How to access Augtyro for ROS1-positive non-small-cell lung cancer and NTRK-positive solid tumours from Saudi Arabia: 2026 pathway via KFSHRC, KAMC, KFMC, and the wider kingdom oncology network
*Clinically reviewed by Mohammad Ali, MD (US-trained physician, Chief AI Officer, Reserve Meds). Last reviewed 2026-05-20.
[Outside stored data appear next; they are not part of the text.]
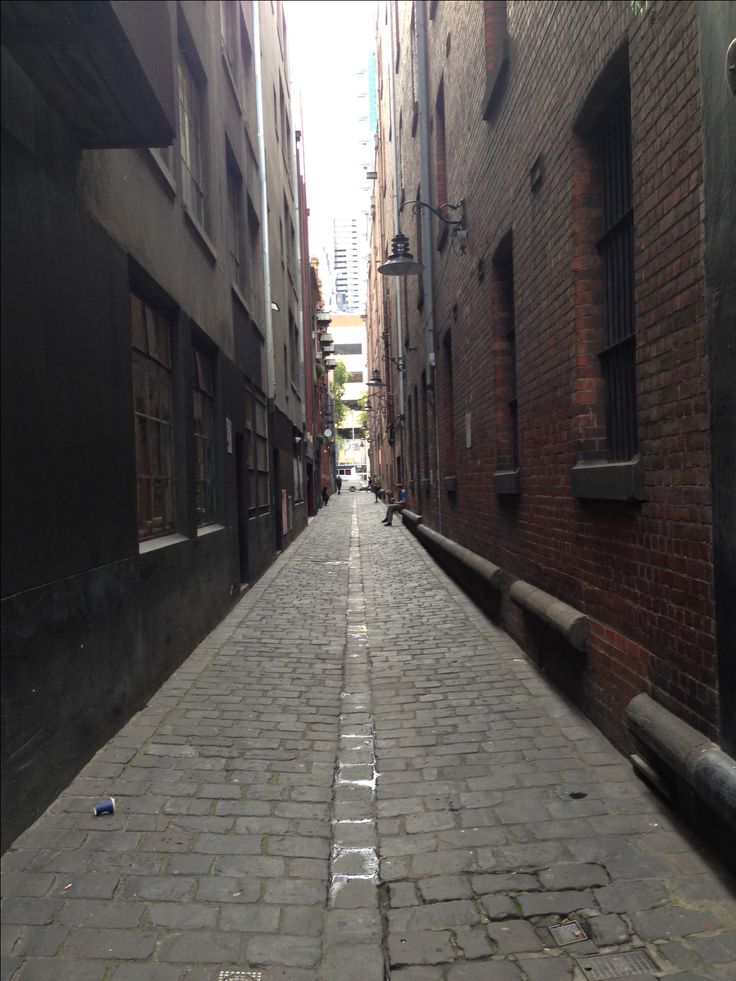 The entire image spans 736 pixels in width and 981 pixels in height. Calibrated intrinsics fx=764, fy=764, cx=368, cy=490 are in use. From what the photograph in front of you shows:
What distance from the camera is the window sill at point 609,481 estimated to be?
153 inches

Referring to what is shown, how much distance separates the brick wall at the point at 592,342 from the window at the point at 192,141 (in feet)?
10.2

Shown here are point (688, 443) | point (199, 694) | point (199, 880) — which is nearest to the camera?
point (199, 880)

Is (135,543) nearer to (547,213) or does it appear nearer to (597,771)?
(597,771)

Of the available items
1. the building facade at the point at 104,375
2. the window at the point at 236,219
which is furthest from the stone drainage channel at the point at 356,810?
the window at the point at 236,219

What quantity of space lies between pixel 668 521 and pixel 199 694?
374cm

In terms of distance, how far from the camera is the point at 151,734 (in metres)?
4.88

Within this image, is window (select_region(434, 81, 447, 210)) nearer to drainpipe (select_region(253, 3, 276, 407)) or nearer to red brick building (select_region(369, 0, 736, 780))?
drainpipe (select_region(253, 3, 276, 407))

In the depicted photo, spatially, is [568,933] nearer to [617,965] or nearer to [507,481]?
[617,965]

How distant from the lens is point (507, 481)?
708cm

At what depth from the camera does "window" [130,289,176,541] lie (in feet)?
19.7

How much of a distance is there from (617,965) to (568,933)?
215 millimetres

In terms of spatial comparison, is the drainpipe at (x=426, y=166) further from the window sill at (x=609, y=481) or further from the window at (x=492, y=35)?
the window sill at (x=609, y=481)

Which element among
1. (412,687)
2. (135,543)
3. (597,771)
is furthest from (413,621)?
(597,771)

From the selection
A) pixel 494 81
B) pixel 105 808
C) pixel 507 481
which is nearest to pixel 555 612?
pixel 507 481
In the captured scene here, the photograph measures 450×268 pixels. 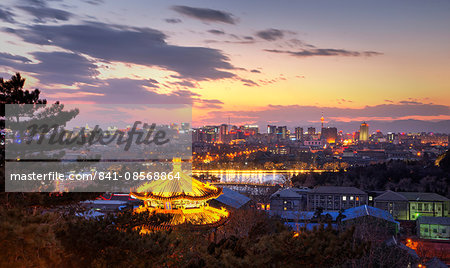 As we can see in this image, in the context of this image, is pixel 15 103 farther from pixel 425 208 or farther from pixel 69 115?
pixel 425 208

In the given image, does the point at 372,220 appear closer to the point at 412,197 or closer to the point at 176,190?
the point at 412,197

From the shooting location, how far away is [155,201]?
199 inches

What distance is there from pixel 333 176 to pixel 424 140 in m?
115

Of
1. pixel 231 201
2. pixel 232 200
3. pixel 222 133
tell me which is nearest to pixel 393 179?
pixel 232 200

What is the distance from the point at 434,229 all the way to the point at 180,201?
47.0 feet

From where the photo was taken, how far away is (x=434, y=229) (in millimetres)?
15344

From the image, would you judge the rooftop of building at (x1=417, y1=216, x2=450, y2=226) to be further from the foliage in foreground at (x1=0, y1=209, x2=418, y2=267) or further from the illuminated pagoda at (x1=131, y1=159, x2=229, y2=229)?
the foliage in foreground at (x1=0, y1=209, x2=418, y2=267)

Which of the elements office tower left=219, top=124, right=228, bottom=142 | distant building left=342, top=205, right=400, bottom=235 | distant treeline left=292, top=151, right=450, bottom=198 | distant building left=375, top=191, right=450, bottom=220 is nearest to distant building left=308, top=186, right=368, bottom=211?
→ distant building left=375, top=191, right=450, bottom=220

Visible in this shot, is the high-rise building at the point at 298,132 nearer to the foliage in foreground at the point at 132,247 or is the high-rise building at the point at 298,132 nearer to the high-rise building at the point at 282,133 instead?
the high-rise building at the point at 282,133

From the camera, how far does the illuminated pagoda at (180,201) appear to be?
16.0 feet

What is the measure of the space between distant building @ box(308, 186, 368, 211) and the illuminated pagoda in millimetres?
18738

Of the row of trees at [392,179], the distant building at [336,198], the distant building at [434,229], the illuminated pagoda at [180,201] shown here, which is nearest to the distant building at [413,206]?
the distant building at [336,198]

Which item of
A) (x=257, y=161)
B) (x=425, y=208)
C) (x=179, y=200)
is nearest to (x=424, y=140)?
(x=257, y=161)

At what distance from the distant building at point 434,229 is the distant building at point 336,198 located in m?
7.09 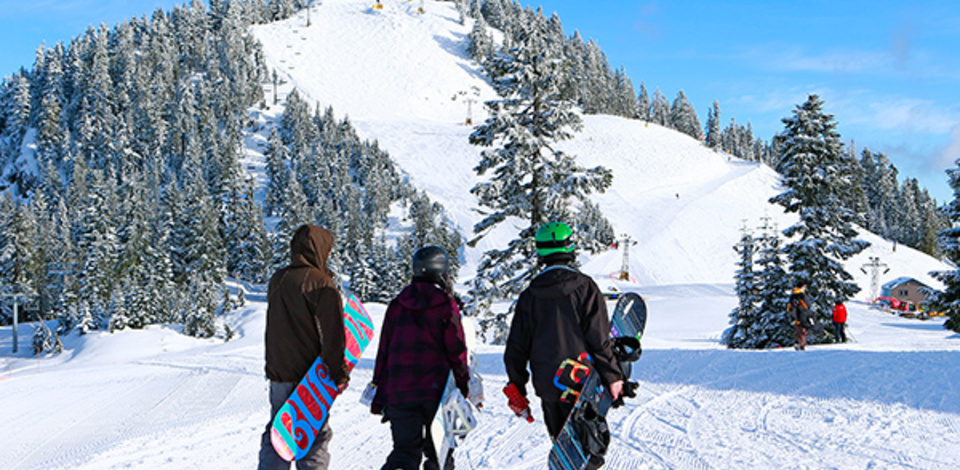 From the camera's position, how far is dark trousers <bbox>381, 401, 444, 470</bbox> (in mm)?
4277

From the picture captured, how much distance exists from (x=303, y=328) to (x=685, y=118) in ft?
483

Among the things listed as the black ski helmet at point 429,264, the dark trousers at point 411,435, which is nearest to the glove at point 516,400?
the dark trousers at point 411,435

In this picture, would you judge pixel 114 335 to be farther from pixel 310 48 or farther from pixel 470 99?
pixel 310 48

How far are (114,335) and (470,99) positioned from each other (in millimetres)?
110878

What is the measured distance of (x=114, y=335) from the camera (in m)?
38.1

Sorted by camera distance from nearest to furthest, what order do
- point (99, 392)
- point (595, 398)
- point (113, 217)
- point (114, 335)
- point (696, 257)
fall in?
point (595, 398)
point (99, 392)
point (114, 335)
point (113, 217)
point (696, 257)

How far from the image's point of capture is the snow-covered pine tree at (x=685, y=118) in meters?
139

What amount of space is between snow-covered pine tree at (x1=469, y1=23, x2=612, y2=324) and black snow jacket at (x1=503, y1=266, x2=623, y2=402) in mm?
11709

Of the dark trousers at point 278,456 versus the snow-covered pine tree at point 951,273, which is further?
the snow-covered pine tree at point 951,273

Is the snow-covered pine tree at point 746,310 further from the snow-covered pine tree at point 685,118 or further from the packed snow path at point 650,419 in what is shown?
the snow-covered pine tree at point 685,118

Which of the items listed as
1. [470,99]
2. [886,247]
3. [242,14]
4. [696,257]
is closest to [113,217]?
[696,257]

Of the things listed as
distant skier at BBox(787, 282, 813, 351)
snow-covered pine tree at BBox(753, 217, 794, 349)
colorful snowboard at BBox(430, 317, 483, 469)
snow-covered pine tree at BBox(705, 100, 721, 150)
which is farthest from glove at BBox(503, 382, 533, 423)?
snow-covered pine tree at BBox(705, 100, 721, 150)

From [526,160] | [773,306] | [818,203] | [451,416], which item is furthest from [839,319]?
[451,416]

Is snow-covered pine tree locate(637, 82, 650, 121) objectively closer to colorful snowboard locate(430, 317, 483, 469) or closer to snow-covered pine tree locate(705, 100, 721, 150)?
snow-covered pine tree locate(705, 100, 721, 150) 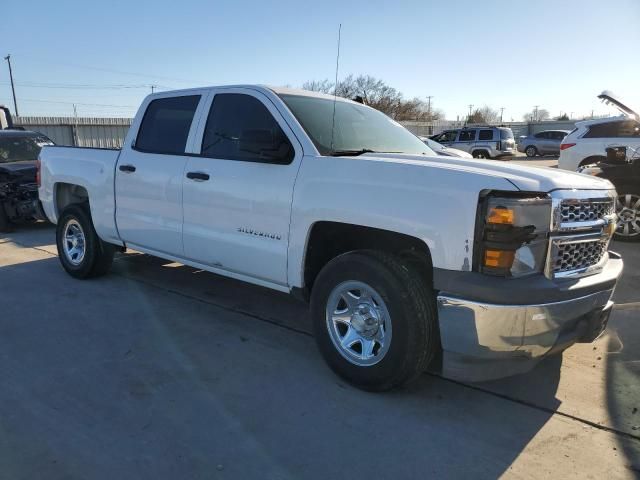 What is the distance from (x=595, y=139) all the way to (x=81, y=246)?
9320mm

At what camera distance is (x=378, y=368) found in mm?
3340

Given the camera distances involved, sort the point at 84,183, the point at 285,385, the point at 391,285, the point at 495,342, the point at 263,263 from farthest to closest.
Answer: the point at 84,183 < the point at 263,263 < the point at 285,385 < the point at 391,285 < the point at 495,342

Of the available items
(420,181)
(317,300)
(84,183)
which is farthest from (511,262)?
(84,183)

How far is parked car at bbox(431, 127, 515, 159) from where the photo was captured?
82.4ft

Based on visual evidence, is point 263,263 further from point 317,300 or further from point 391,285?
point 391,285

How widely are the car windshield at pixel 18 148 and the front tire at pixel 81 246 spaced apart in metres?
4.88

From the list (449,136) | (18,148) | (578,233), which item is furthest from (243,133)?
(449,136)

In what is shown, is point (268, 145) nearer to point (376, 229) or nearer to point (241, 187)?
point (241, 187)

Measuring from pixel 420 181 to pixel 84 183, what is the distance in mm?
4049

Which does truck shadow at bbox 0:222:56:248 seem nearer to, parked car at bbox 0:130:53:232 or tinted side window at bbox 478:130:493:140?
parked car at bbox 0:130:53:232

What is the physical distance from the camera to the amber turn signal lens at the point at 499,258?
9.34 feet

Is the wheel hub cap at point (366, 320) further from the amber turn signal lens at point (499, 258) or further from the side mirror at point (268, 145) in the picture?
the side mirror at point (268, 145)

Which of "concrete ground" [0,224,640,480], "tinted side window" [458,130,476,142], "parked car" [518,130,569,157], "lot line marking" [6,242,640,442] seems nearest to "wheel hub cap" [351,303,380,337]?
"concrete ground" [0,224,640,480]

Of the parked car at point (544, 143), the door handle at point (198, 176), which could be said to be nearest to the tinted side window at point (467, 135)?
the parked car at point (544, 143) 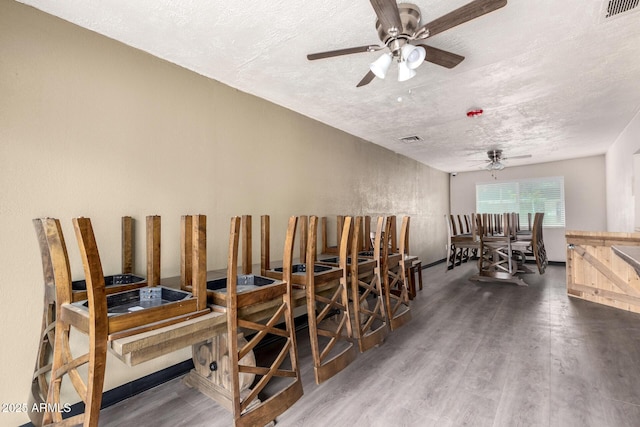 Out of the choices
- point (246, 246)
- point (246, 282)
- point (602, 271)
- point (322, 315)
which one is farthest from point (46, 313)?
point (602, 271)

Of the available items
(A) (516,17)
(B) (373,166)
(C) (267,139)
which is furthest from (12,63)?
(B) (373,166)

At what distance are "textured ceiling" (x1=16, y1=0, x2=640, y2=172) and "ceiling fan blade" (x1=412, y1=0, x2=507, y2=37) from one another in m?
0.23

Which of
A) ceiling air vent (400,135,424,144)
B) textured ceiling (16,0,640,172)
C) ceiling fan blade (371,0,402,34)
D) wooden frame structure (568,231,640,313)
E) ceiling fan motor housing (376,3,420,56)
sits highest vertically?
textured ceiling (16,0,640,172)

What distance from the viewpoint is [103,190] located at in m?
2.12

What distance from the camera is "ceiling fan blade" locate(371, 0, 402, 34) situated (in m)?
1.55

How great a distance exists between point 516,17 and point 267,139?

Saudi Arabia operates one of the deepest national oncology networks in the wider region. King Faisal Specialist Hospital and Research Centre in Riyadh and Jeddah (KFSHRC), King Abdulaziz Medical City Riyadh (KAMC) and the National Guard Health Affairs sites, King Fahad Medical City Riyadh (KFMC), Princess Noorah Oncology Centre Jeddah, and the Dr Sulaiman Al Habib oncology network all run medical, thoracic, and where relevant paediatric oncology services that diagnose, biomarker-test, and treat solid tumours driven by rare molecular drivers. Augtyro (repotrectinib) is a Bristol Myers Squibb next-generation tyrosine kinase inhibitor covering two distinct biomarker-defined populations: ROS1-positive locally advanced or metastatic non-small cell lung cancer (NSCLC) in adults, and NTRK gene fusion-positive solid tumours in adults and in paediatric patients age 12 years and older. The FDA approved the ROS1 indication in November 2023 and expanded to NTRK fusions in June 2024. The Saudi supply route in 2026 most commonly runs through the named-patient programme (NPP) pathway via the Saudi Food and Drug Authority (SFDA) rather than through a fully registered commercial channel. For a Saudi patient with newly diagnosed ROS1-positive metastatic NSCLC, or for any Saudi patient with an NTRK fusion-positive solid tumour for whom Augtyro is the chosen treatment, the operational question is which kingdom prescribing centre fits the case, how the molecular diagnostic confirmation and the SFDA NPP application proceed in parallel, and how the long-term refill cycle integrates with multi-year treatment.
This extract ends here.